Until Heneghan manages to locate a copy of Skip James’s “Devil Got My Woman”—his Holy Grail—he placates himself with smaller victories like “Davey Crockett.” That may be all he ever gets. There are only three or four known copies of “Devil Got My Woman” remaining, two of which are so damaged as to be inconsequential. The song was recorded in February 1931 in Grafton, Wisconsin, for a small record label called Paramount Records. James created eighteen sides (or nine double-sided 78s) in Wisconsin that winter, but they were commercial nonstarters, and soon after, he quit playing blues music and became a choir director in his father’s church. James wouldn’t record again until the 1960s, when he was “rediscovered” in a county hospital in Tunica, Mississippi, by an enterprising trio of blues enthusiasts who persuaded him to come out of retirement. (“Well, that might be a good idea.
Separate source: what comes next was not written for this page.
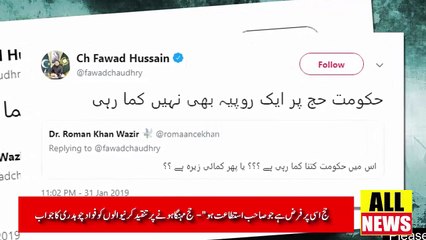 Subsidy means that government lets people go for Hajj by taking money from the poor Fawad Ch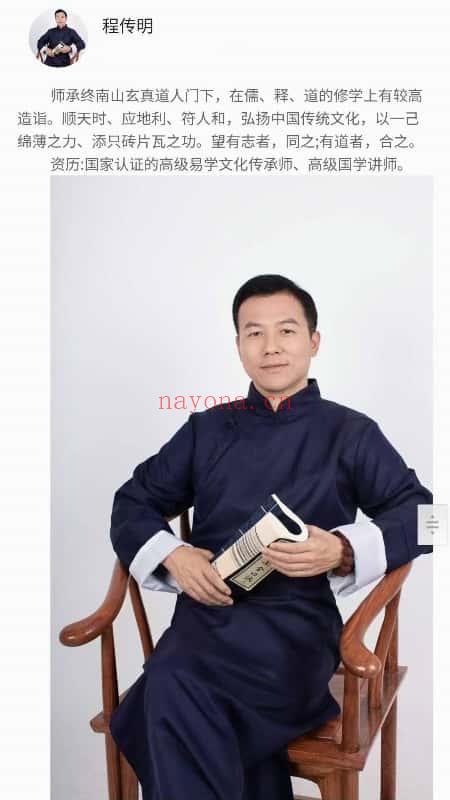 程传明【仓颉姓名学】初级+高级，7集视频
Might be. But right now Skip is awful tired,” he was quoted as saying.) In 1964, a sixty-two-year-old James appeared at the Newport Folk Festival, and he continued to perform sporadically until his death in 1969. Because his records weren’t especially popular or very widely sold, few copies were made, and now, more than eighty years later, collectors have a slim-to-improbable shot at finding one in playable condition.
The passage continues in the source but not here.